Quando o autor nega existir uma relação jurídica, pode-se aplicar o Código de Defesa do Consumidor? Suponha-se a seguinte hipótese: o autor é cobrado por uma instituição bancária e tem seu nome “negativado” em relação a essa suposta dívida. O autor, então, ajuizando ação, objetiva seja declarada a inexistência da relação jurídico-material, e invoca a aplicação do regime de proteção do Código de Defesa do Consumidor. Mas se inexiste qualquer relação jurídica, inexiste, por óbvio, a relação de consumo – e se inexiste a relação de consumo, não poderia, em tese, aplicar-se o Código de Defesa do Consumidor, que pressupõe exista uma relação de consumo.
Essa situação foi apreciada em decisão recente, por mim proferida. Vejam o texto da tutela provisória de urgência que ali foi concedida:
“E a tutela provisória de urgência de natureza é concedida, considerando que há uma situação de risco concreto e atual que está bem descrita na peça inicial e em seu aditamento, a compasso com o reconhecer que, em cognição sumária, identifica-se a plausibilidade jurídica no que o autor argumenta no sentido de negar exista com a ré qualquer relação jurídico-material que justificasse a “negativação” de seu nome em cadastro de inadimplentes.
A propósito, importante destacar que, ainda na hipótese em que se negue existir uma relação jurídico-material, pode-se aplicar o regime de proteção conferido pelo Código de Defesa do Consumidor. Conquanto negue o autor exista qualquer relação jurídico-material, o que, no plano lógico, significaria dizer que nega exista até mesmo uma relação de consumo, há que se considerar que o regime de proteção do Código de Defesa do Consumidor também se deve aplicar quando a parte busca obter um provimento de declaração negativa, ou seja, quando o autor quer que se declara inexistir a relação jurídico-material. E, aplicando esse regime de proteção no caso presente, identifico a plausibilidade jurídica em favor do autor”.

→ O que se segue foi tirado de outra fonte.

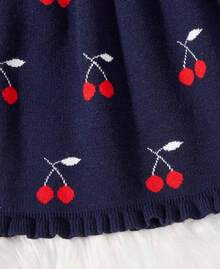 Nika Baby Cherry Knitted Baby Dress - Màu xanh hải quân - Xem 4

Há que se entender, com efeito, que ainda na hipótese em que se alegue inexistir a relação jurídico-material de consumo, o regime de proteção conferido pelo Código de Defesa do Consumidor, sobretudo seus predicados de natureza processual (a técnica da inversão do ônus da prova, por exemplo) é de ser aplicado. Importante lembrar que a autonomia da relação jurídico-processual foi conquistada quando se identificou a presença dos pressupostos processuais, e mais particularmente quando se atentou para certa peculiaridade da ação declaratória negativa, pela qual se demonstrou que a relação jurídico-processual existe e pode existir independentemente de existir ou não existir a relação jurídico-material. Aliás, no caso da ação declaratória negativa a procedência do pedido decorre exatamente do reconhecer-se que a relação jurídico-material não existe. Demonstrou-se assim a autonomia da relação jurídico-processual.
Cabe enfatizar nesse contexto que as condições da ação devem ser sempre aferidas a partir dos dados que compõem a relação jurídico-material (a legitimidade para agir e para ser demandado, por exemplo, é identificada com base na relação jurídico-material objeto da demanda). E assim também ocorre no caso da ação em que se busca obter um provimento jurisdicional declaratório-negativo, quando se pretende que o juiz declare inexistir a relação jurídico-material objeto da lide. Nessa hipótese, conquanto não exista, ou se afirme não existir a relação jurídico-material, as condições da ação devem ser aferidas como se a relação jurídico-material existisse.
O mesmo raciocínio deve ser empregado na hipótese de que tratamos. Com efeito, quando o autor alega inexistir uma relação jurídica de consumo, e pretenda obter um provimento declaratório-negativo, o regime jurídico-processual a aplicar-se é aquele estabelecido com base na relação jurídico-material objeto da lide, ainda que ao final, procedente o pedido, venha a ser declarado por sentença que essa mesma relação jurídica de consumo não existe.
Tudo para concluir que, na ação em que o autor quer obter um provimento declaratório-negativo, quando quer que o juiz declarar inexistir uma relação jurídica de consumo, o regime jurídico-processual a aplicar-se é o estabelecido pelo Código de Defesa do Consumidor.